### Given records
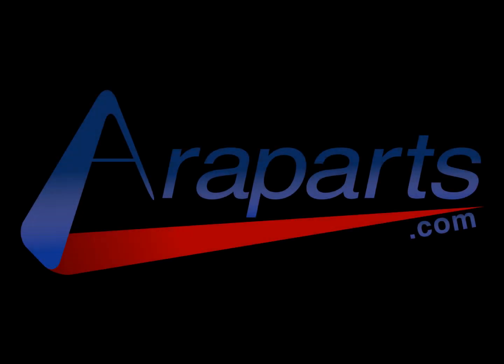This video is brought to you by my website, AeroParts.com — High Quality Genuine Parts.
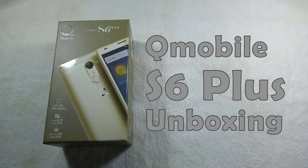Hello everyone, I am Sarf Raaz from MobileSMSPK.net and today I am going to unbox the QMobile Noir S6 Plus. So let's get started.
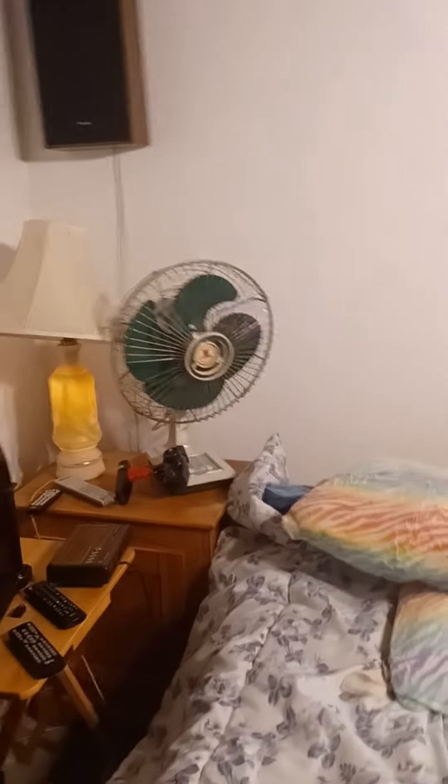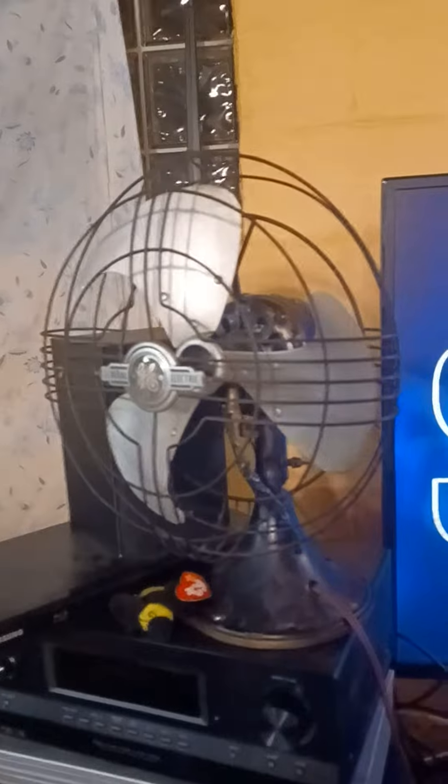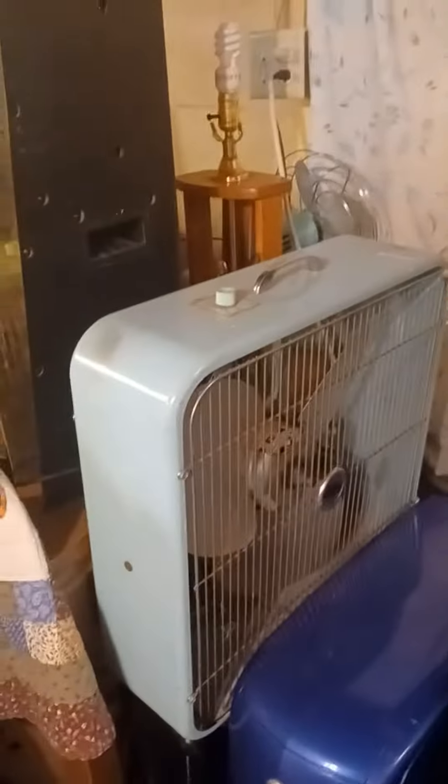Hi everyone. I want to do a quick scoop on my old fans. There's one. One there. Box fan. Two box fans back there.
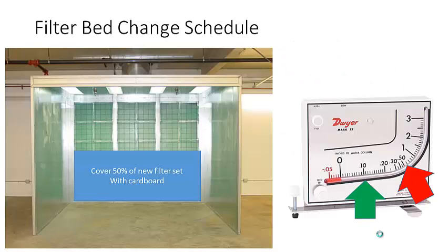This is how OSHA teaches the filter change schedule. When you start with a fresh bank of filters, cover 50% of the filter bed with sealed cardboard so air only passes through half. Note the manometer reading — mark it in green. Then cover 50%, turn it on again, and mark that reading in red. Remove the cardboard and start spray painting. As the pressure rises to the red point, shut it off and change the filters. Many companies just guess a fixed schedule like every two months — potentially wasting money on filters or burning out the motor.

* * *

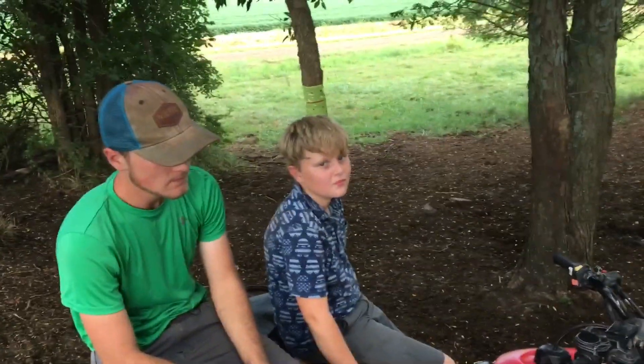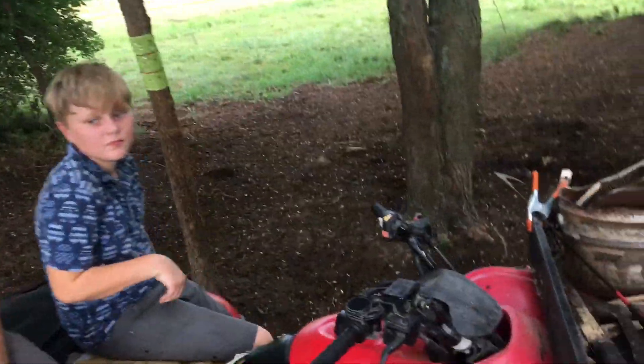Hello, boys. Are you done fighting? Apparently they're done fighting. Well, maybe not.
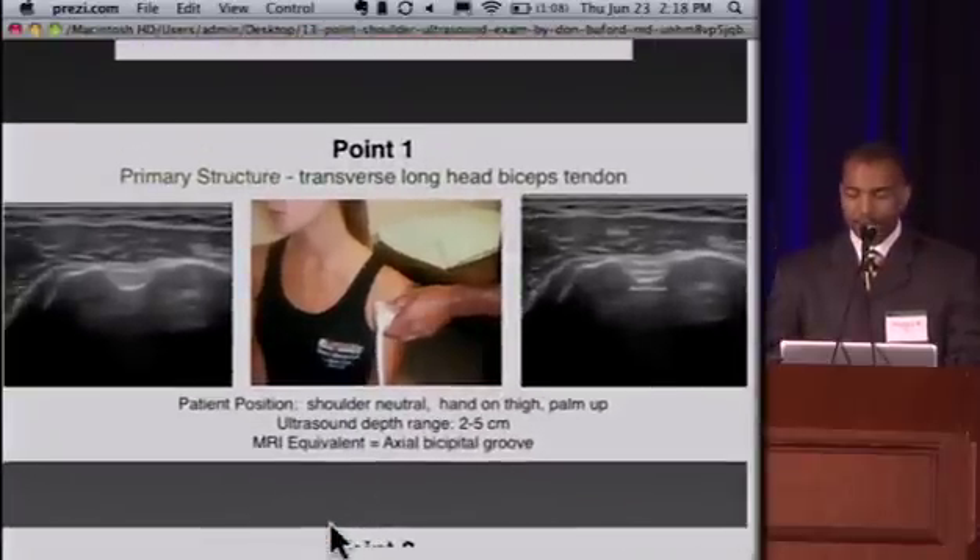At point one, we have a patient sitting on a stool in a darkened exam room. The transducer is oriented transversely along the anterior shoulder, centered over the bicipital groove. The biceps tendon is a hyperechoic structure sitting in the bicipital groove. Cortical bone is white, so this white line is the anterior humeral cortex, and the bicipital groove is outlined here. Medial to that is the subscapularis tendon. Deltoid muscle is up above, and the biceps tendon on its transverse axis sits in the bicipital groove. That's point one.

...

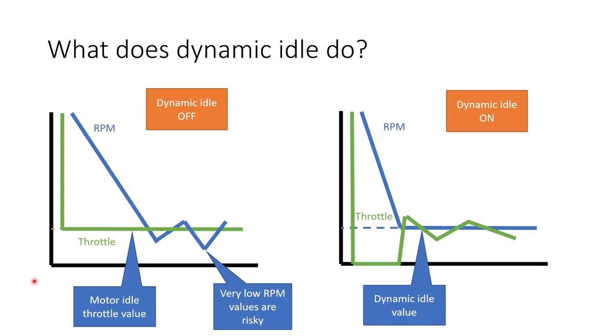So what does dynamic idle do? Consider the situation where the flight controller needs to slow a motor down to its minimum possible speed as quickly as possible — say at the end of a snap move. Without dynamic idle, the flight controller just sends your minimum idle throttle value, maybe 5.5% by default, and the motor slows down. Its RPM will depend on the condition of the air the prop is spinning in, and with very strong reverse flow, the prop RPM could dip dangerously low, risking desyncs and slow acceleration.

### What is required
Take only the lines above from the one that has "This video is" through the one that has "Hi everyone. I" and reproduce them exactly, omitting any pictures.

### Solution to the exercise
This video is brought to you by my website, AeroParts.com — High Quality Genuine Parts.
Hello everyone, I am Sarf Raaz from MobileSMSPK.net and today I am going to unbox the QMobile Noir S6 Plus. So let's get started.
Hi everyone. I want to do a quick scoop on my old fans. There's one. One there. Box fan. Two box fans back there.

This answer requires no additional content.